Here are 3 quotes that resonated with me from that episode:

II.a.

It feels to me that loss is our universal state as human beings. I disagree with the sort of “grief club” and the club no one wants to join. I think humanity itself is that club and that we are all feeling these senses of loss, whether it’s directly personal, it’s bred into us, that sense of yearning. And that’s not a failure. It’s a condition. […] This is the common binding condition of what it is to be.

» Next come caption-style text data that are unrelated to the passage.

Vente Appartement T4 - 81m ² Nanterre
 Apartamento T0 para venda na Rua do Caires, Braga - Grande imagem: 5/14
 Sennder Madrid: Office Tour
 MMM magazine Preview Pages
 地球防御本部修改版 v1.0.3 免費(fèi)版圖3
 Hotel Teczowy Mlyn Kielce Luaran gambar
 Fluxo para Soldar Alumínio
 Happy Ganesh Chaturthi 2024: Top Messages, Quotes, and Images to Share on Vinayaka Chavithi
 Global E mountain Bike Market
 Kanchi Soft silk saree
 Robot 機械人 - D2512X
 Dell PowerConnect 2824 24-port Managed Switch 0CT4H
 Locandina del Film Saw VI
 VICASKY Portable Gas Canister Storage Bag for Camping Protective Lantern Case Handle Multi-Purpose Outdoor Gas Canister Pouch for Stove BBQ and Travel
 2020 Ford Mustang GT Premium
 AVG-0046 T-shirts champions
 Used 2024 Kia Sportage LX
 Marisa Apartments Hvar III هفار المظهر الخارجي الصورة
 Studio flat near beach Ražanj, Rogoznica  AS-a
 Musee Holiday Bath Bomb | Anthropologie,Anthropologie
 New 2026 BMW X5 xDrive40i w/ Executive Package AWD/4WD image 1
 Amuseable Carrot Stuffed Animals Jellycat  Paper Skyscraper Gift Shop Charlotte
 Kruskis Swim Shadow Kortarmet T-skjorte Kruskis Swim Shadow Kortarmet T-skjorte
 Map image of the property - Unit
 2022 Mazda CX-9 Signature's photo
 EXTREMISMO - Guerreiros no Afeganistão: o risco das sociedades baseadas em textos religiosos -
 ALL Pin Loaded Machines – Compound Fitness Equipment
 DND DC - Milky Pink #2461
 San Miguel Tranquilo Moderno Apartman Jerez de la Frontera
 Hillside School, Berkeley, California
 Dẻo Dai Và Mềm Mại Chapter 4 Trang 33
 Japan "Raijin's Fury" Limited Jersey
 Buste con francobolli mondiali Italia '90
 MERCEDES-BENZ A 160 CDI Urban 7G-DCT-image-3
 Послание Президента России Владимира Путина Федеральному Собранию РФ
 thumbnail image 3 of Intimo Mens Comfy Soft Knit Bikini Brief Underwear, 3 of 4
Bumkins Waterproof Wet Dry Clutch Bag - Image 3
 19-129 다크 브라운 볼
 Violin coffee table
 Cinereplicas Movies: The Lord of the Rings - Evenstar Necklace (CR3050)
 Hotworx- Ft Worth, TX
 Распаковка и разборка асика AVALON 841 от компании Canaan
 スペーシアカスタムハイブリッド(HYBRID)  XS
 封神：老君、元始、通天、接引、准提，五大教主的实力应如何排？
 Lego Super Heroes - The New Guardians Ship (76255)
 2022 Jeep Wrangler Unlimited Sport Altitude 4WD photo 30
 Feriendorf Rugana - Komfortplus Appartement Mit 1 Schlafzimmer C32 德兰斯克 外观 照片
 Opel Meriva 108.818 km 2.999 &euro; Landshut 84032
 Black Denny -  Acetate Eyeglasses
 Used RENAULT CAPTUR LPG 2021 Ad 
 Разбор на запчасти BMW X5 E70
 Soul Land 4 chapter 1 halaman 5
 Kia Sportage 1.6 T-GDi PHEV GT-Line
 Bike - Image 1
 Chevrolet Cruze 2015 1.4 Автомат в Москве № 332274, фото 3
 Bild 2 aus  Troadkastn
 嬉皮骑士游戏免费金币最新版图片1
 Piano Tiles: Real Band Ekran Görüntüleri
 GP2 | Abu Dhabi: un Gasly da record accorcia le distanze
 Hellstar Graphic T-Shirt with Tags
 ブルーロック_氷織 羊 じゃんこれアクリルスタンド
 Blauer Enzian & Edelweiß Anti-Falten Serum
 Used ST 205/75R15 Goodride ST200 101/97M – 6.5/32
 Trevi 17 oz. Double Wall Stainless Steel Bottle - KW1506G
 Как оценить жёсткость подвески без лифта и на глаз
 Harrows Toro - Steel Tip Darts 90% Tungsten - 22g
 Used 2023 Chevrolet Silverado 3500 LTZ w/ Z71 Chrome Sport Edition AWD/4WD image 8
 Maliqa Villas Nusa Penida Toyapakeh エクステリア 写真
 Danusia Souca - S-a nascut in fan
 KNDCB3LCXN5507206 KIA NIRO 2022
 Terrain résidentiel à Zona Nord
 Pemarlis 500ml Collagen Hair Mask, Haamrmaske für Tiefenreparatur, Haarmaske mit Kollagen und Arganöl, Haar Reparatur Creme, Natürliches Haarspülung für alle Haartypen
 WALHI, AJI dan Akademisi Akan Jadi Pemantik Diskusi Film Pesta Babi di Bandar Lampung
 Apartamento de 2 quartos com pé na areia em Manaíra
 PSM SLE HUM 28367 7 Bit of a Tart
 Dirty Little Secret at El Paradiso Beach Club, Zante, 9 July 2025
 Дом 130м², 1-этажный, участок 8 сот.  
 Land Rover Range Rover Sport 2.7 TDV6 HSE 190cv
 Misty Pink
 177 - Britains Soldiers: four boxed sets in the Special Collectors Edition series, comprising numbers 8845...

And in that respect, I don’t think the common thread that runs through humanity is greed or power or these sorts of notions. It is this binding agent of loss. That, to me, is the thing that makes me able to look at anybody and feel connected to them, regardless of who they are. And I think there’s a power in that that isn’t really recognized.

II.b.

I think that there was a sort of zeal attached to grief, of seeing the world in a completely different way. I don’t see the world in the same way as I did before. It’s much more complex than I thought and much more fragile. And this creates a different feeling towards people in general.

II.c.

Grief and empathy are very much connected, in the same way as loss and love are very much connected, too. And that the common energy running through life is loss, but you can translate that into love too, quite easily. They’re very, very much connected. And that comes around from an understanding of just how fragile and vulnerable and precarious the nature of life seems to be.

III.

Source

In the introduction of his book The Anthropocene Reviewed, John Green writes:

At the end of his life, the great picture book author and illustrator Maurice Sendak said on the NPR show Fresh Air, “I cry a lot because I miss people. I cry a lot because they die, and I can’t stop them. They leave me, and I love them more.”

He said, “I’m finding out as I’m aging that I’m in love with the world.”

It has taken me all my life up to now to fall in love with the world, but I’ve started to feel it the last couple of years. To fall in love with the world isn’t to ignore or overlook suffering, both human and otherwise. For me anyway, to fall in love with the world is to look up at the night sky and feel your mind swim before the beauty and the distance of the stars. It is to hold your children while they cry, to watch as the sycamore trees leaf out in June. When my breastbone starts to hurt, and my throat tightens, and tears well in my eyes, I want to look away from feeling. I want to deflect with irony, or anything else that will keep me from feeling directly. We all know how loving ends. But I want to fall in love with the world anyway, to let it crack me open. I want to feel what there is to feel while I am here.

Sendak ended that interview with the last words he ever said in public: “Live your life. Live your life. Live your life.”

Here is my attempt to do so.


That’s all for now. Please share with me your feelings and thoughts on this week’s issue.

I love you. You and I are one, sharing a common thread of loss and love.